Baroness, Blue Record (Relapse)

Epic-rock dynamics and a furious alternative approach are back in heavy metal, and this Georgia act is as good at it as anyone. Blue Record will rattle your eardrums and hit that pleasure center as its neo-baroque interludes create drama without being precious.

Blakroc, Blakroc (independent release)

Which album this year featured the most creative all-star cast of hip-hop MCs, including Mos Def, the RZA, Raekwon, Jim Jones and Q-Tip? The one on which blues-swamp rock duo the Black Keys provides the musical accompaniment. Tough, tender, sly and legitimately underground, it also features the sultry vocals of Nicole Wray.

BLK JKS, After Robots (Secretly Canadian)

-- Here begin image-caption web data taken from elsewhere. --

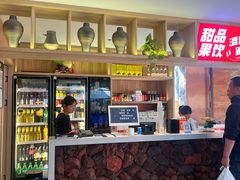 -辣虎·庭院火锅(临平新天地店)
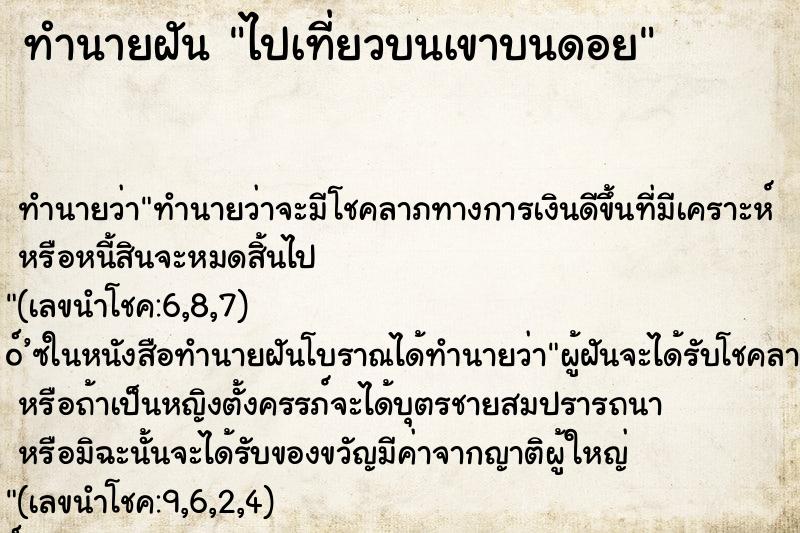 ทำนายฝัน ไปเที่ยวบนเขาบนดอย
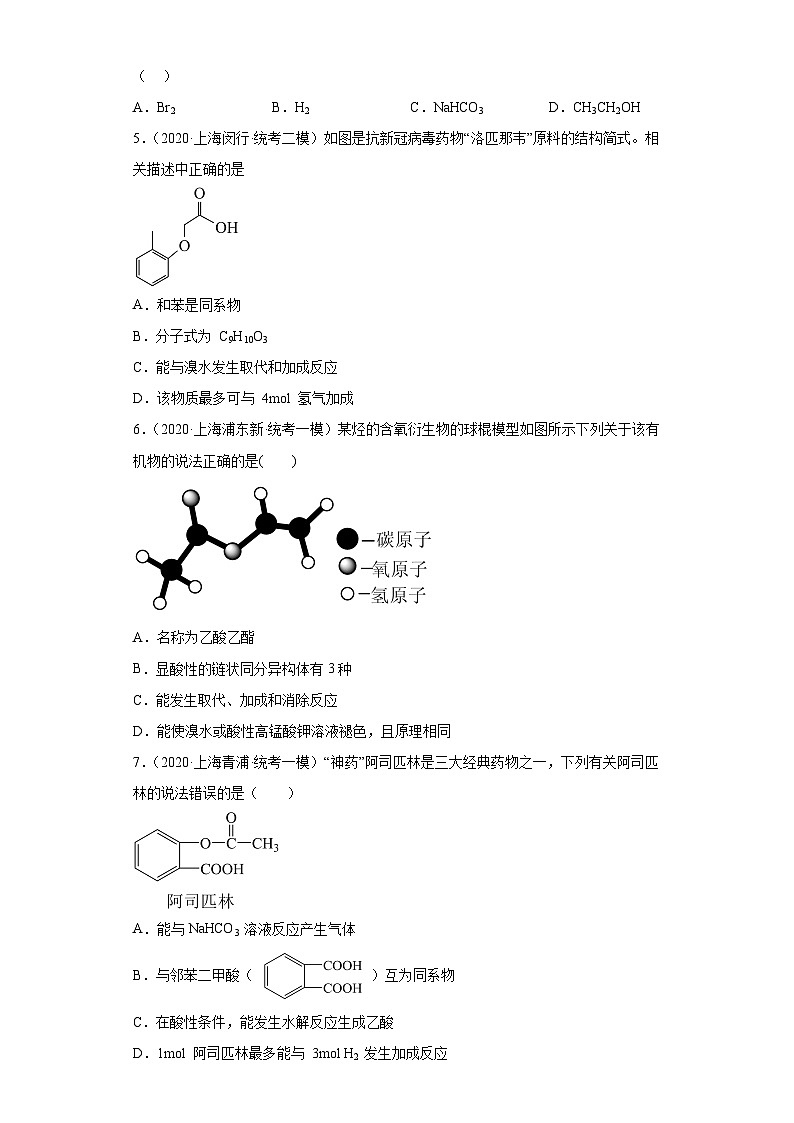 上海高考化学三年（2020-2022）模拟题分类汇编-114有机合成的综合应用（5）02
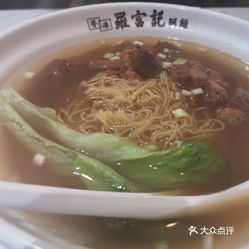 澳门六记粥面地址及美食之旅澳门六记粥面营业时间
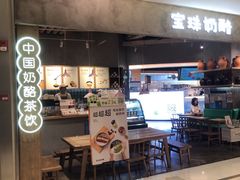 -宝珠奶酪(长宁金虹桥店)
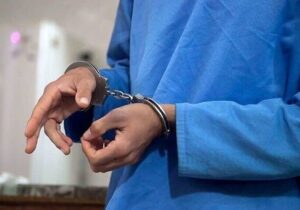 دستگیری یکی از اشرار گروهک تجزیهطلب در ترکیه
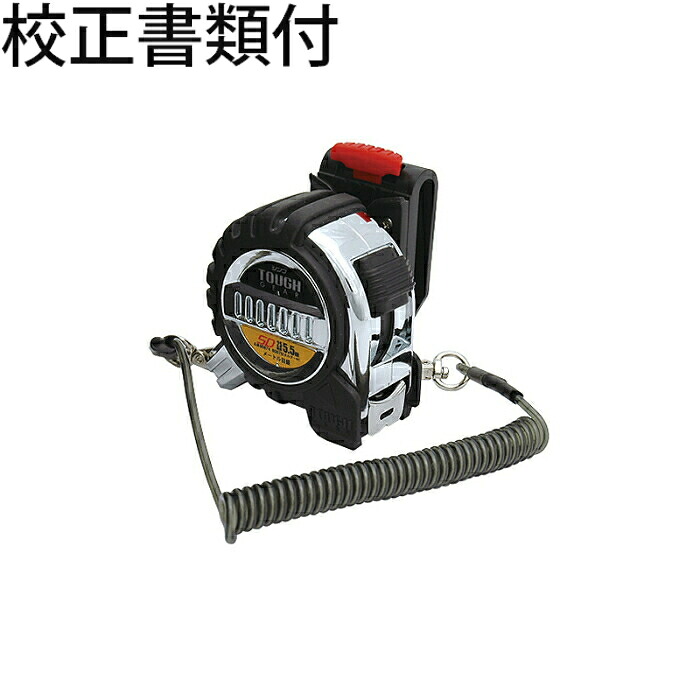 シンワ測定 コンベックス タフギア SD 25-5.5m ホルダー付 JIS 校正証明書+トレサビリティ体系図 ( 80870 )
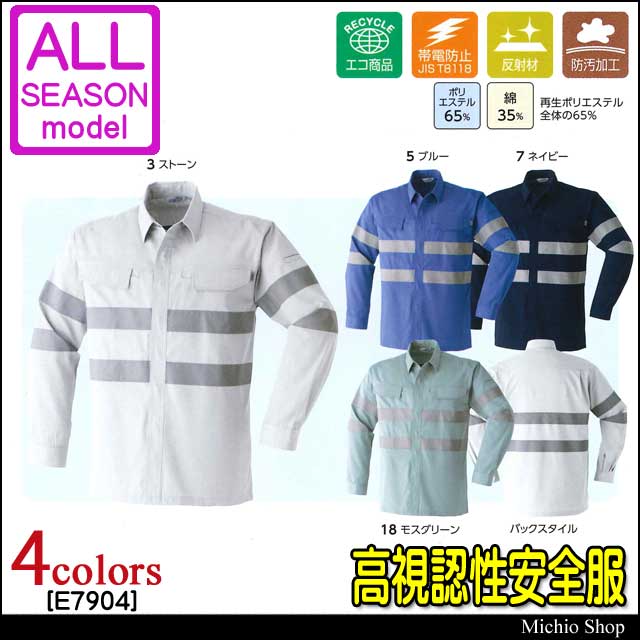 高視認性安全作業服 旭蝶繊維 セーフティ長袖シャツ E7904 春夏素材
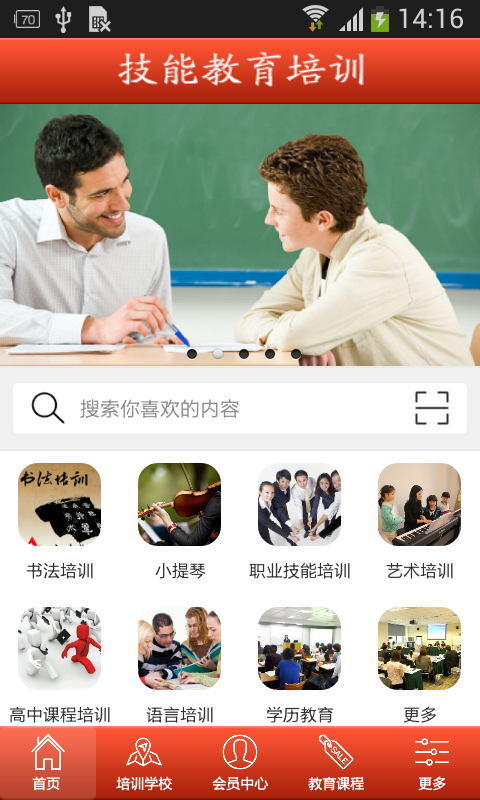 技能教育培训截图5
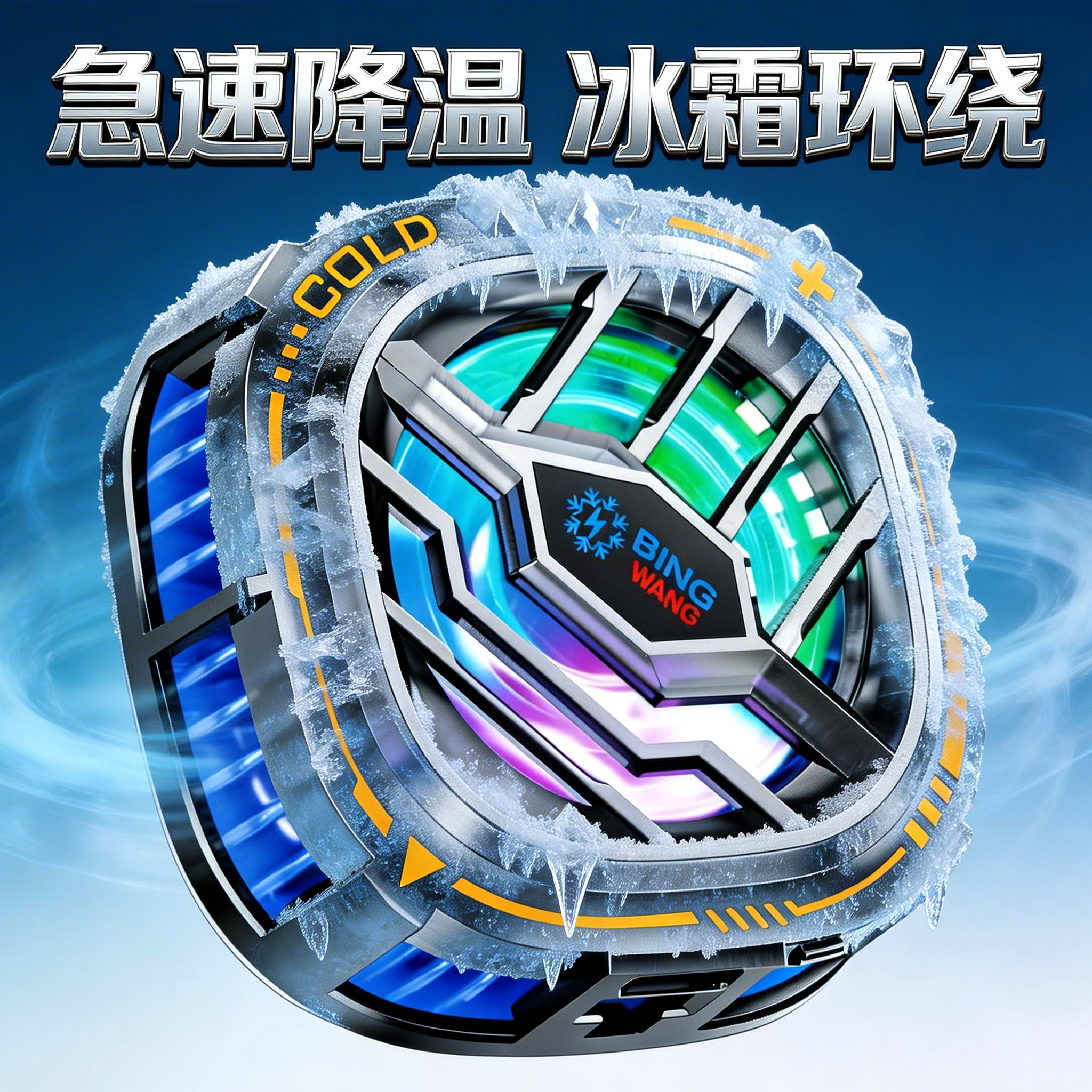 磁吸手机散热器半导体制冷降温神器大功率适用于苹果华为红魔小米黑鲨冰封散热背夹ipad平板直播电竞游戏专用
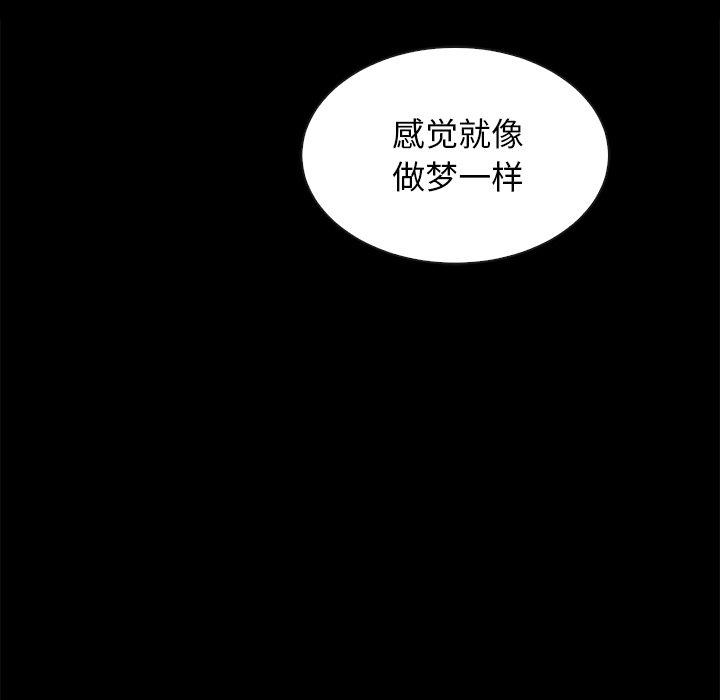 55P - 坏血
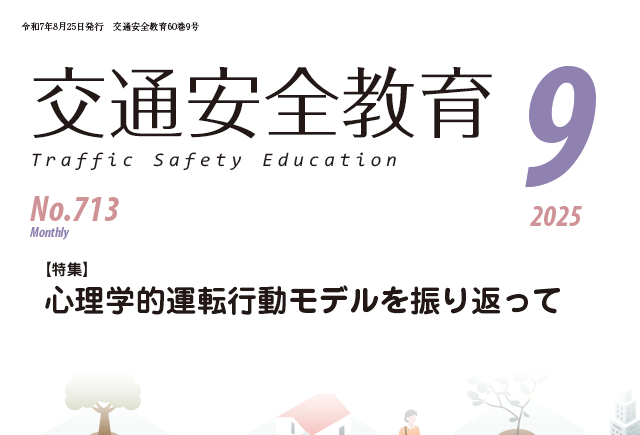 月刊誌「交通安全教育」令和７年９月号を発行しました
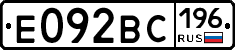 Е092ВС196 - 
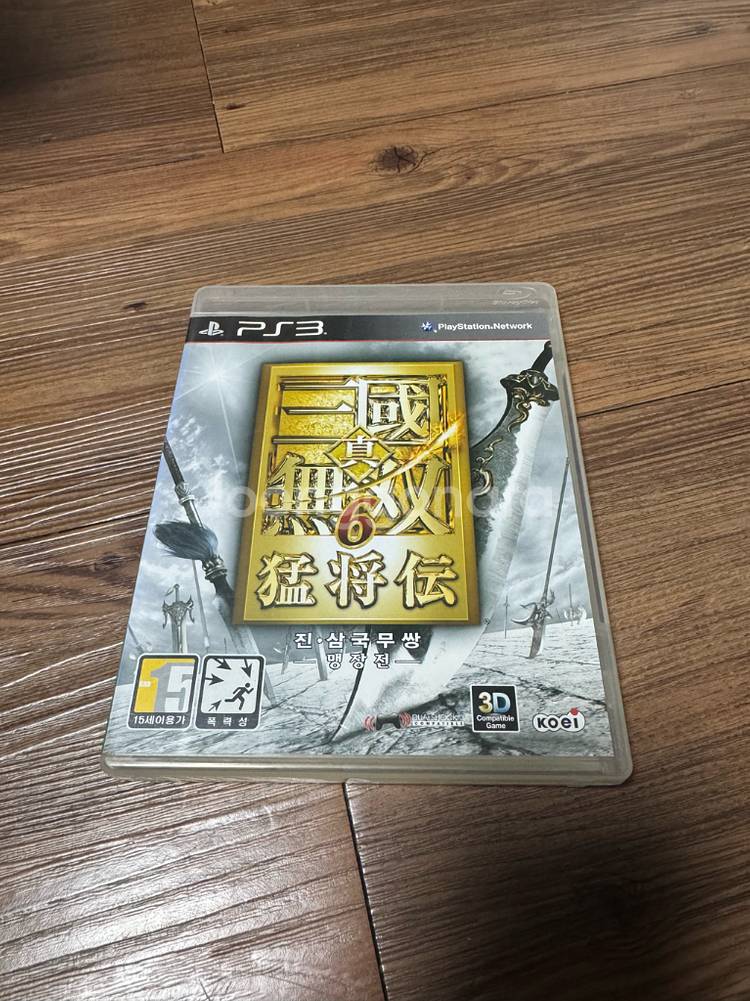 ps3 플스3 진삼국무쌍6 맹장전--0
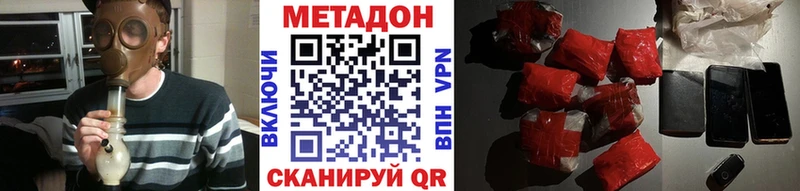 МЕТАДОН мёд  где найти наркотики  Жердевка 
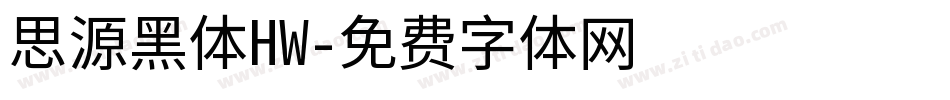 思源黑体HW字体转换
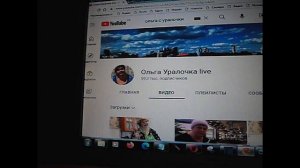 Ольга Уралочка live    // ОБЗОР  КАНАЛА// Сколько зарабатывает на Youtube   Ольга Уралочка live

This South African band combines township jive, out-there jazz, funky blues, prog and hypnotic dub, the result being the hippest, most engaging sound in indie rock.

Fanfarlo, Reservoir (Atlantic)

This chamber-rock group with an international cast creates literate, emotional and full-bodied pop opuses in the vein of Arcade Fire and Neutral Milk Hotel. It also gave one of the best live performances in Tucson of 2009.

Nellie McKay, As Normal as Blueberry Pie: A Tribute to Doris Day (Verve)

While her previous recordings have melded AAA pop and an earnest musical-theater style with touches of jazz and hip-hop, this latest embraces her inner white-bread coquette. McKay's homage to her idol is never ironic, but a cabaret flavor gives it an edgy undercurrent.

Or, the Whale, Or, the Whale (Seany)

This San Francisco-based alt-country collective builds inspiring tunes from the basic materials: gorgeous melodies, smart compositions and sublime female-male vocals. Following the band's debut by only eight months, this CD defies the trend of disappointing sophomore releases.

Os Mutantes, Haih or Amortecedor (ANTI-)

The first new album in 35 years by the pioneers of '60s tropicalia blends psychedelia, folk-rock and traditional Brazilian rhythms. This glorious disc feels even more radical than earlier releases, reveling in a pinwheeling carnival atmosphere.

Hope Sandoval and the Warm Inventions, Through the Devil Softly (Nettwerk)

The former Mazzy Star vocalist (working again with Colm Ó Cíosóig) took a full eight years to make her second solo album, but it was worth the wait, chock-full of enchanting, subtle and dreamy psychedelic-blues pop.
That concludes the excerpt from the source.